**TASK STATEMENT**
In the entries that follow, the first line to write out is the one containing "plaid & gingham nails", and the last is the one containing "Craft Express Black & White Oven Glove Set". Reproduce that stretch exactly, with nothing before or after it.

**LISTED RECORDS**
============
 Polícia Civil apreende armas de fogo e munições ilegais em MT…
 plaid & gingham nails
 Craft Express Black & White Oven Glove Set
============
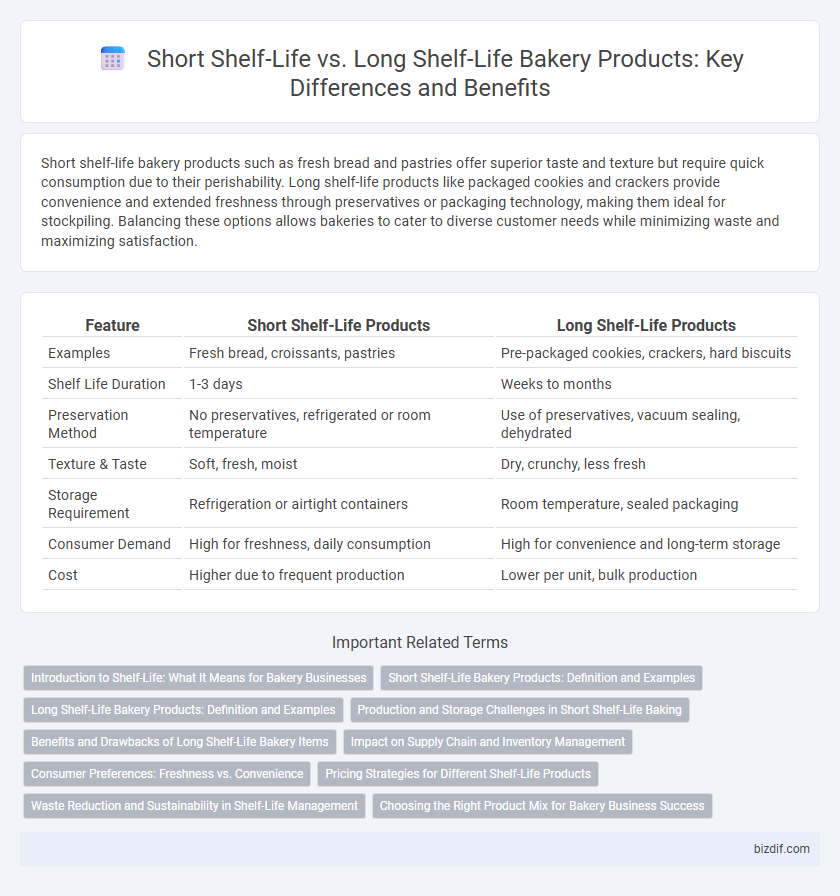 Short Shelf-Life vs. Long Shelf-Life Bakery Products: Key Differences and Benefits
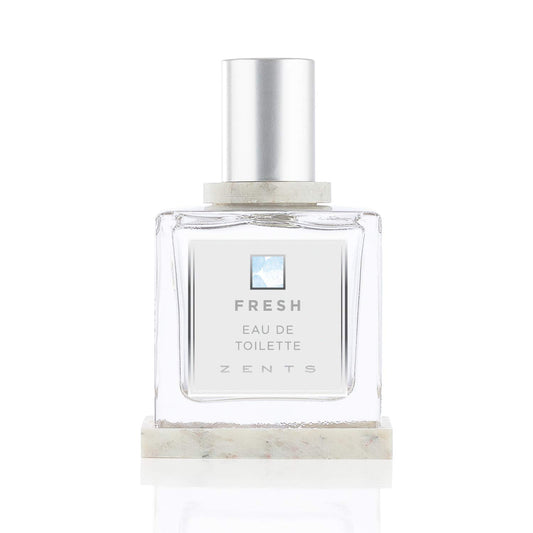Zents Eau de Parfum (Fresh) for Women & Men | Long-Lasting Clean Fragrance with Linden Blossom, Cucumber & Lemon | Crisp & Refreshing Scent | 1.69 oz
============
**RESPONSE FOR THIS EXERCISE**
 plaid & gingham nails
 Craft Express Black & White Oven Glove Set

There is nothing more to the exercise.